* **Materials provided**
◆ ◆ ◆ ◆ ◆ ◆ ◆

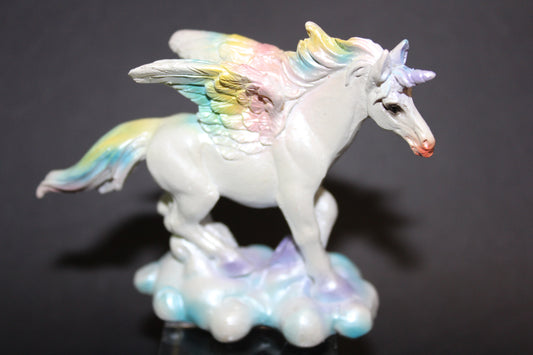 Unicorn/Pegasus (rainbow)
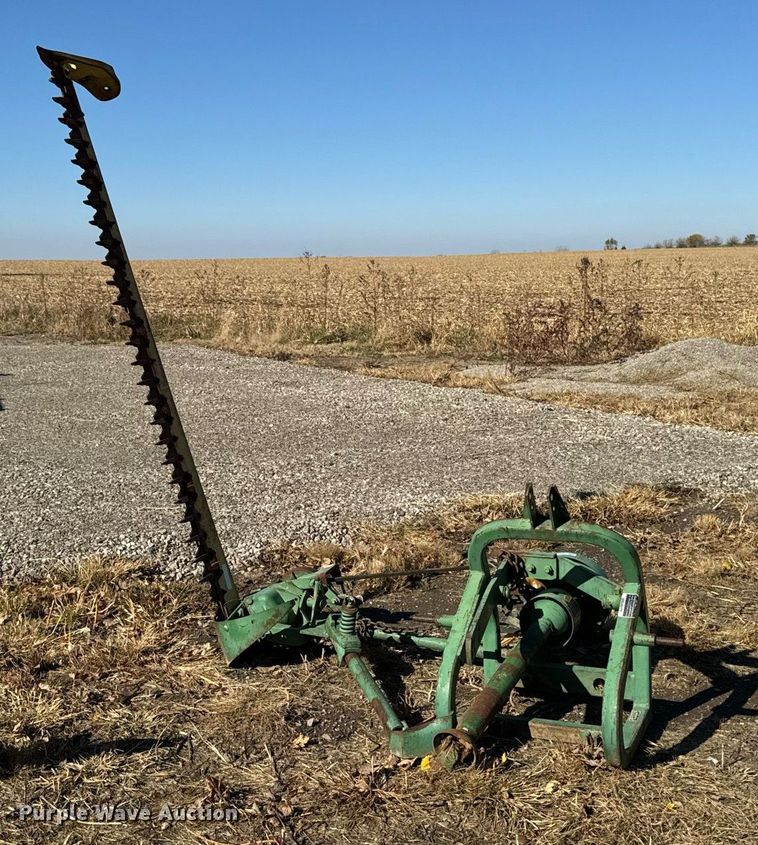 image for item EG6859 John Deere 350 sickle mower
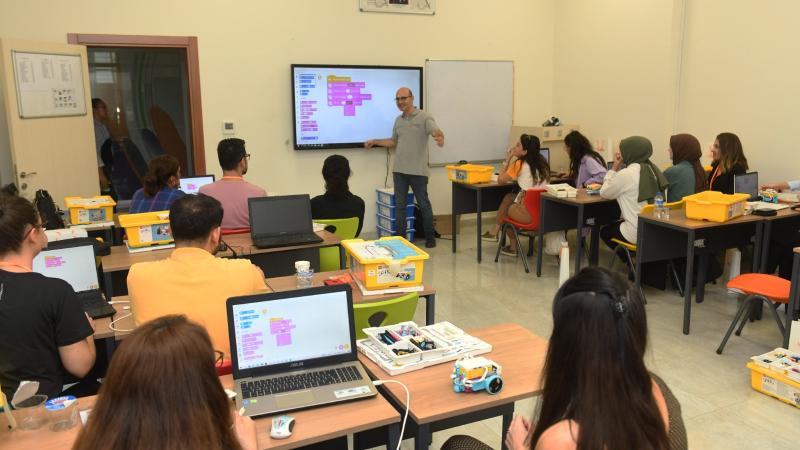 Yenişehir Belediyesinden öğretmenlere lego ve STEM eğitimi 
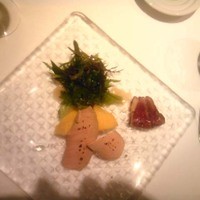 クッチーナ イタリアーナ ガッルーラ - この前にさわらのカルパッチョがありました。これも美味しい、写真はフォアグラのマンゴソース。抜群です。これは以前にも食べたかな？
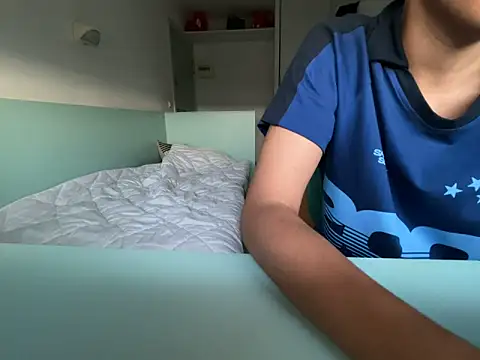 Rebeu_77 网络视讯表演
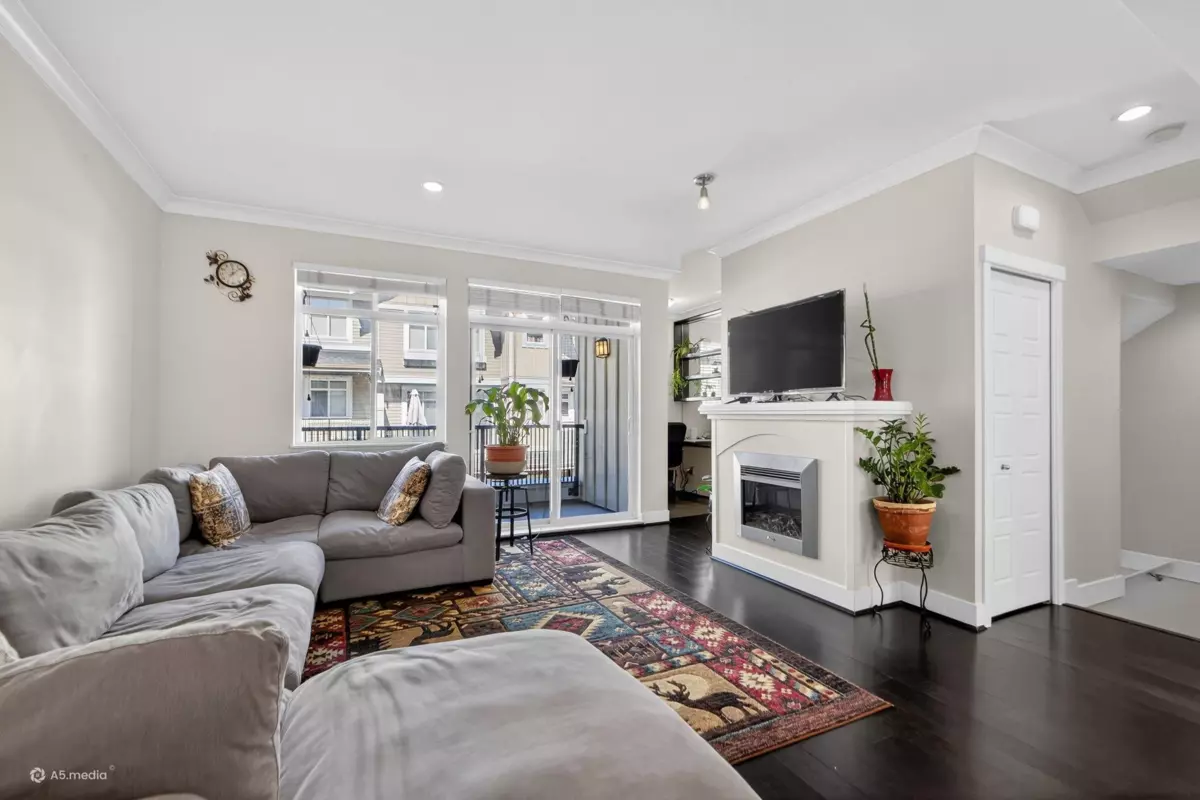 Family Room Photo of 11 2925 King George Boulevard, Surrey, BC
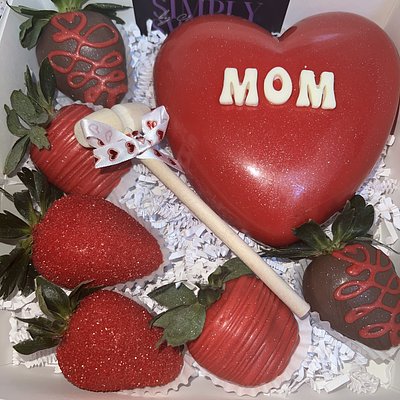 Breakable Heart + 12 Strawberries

◆ ◆ ◆ ◆ ◆ ◆ ◆

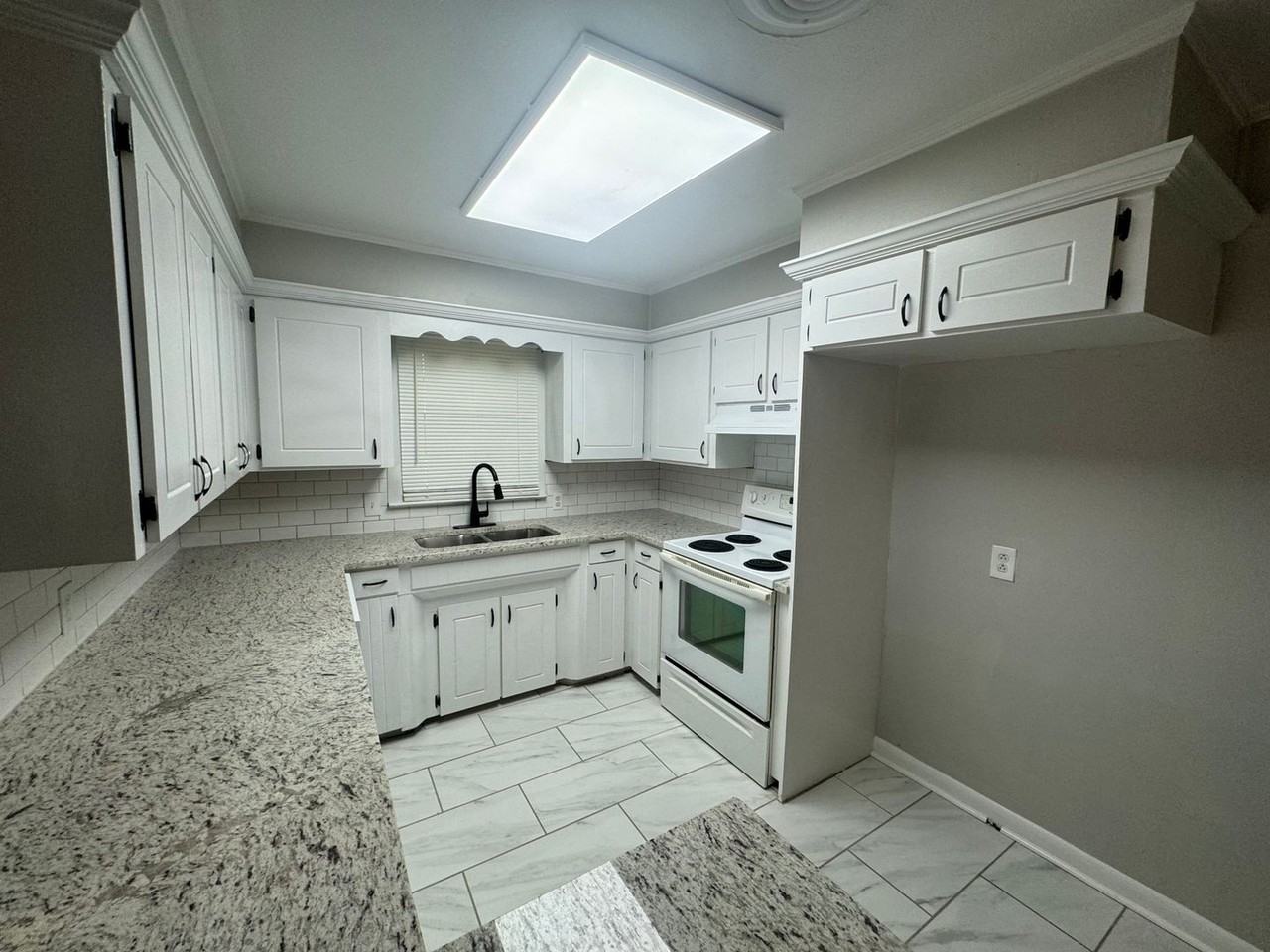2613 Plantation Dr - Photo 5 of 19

◆ ◆ ◆ ◆ ◆ ◆ ◆

* **Work item**
Of the lines above, copy only those from the one holding "クッチーナ イタリアーナ ガッルーラ" to the one holding "Breakable Heart + 12 Strawberries", both included, and exclude every image.

* **Answer section**
 クッチーナ イタリアーナ ガッルーラ - この前にさわらのカルパッチョがありました。これも美味しい、写真はフォアグラのマンゴソース。抜群です。これは以前にも食べたかな？
 Rebeu_77 网络视讯表演
 Family Room Photo of 11 2925 King George Boulevard, Surrey, BC
 Breakable Heart + 12 Strawberries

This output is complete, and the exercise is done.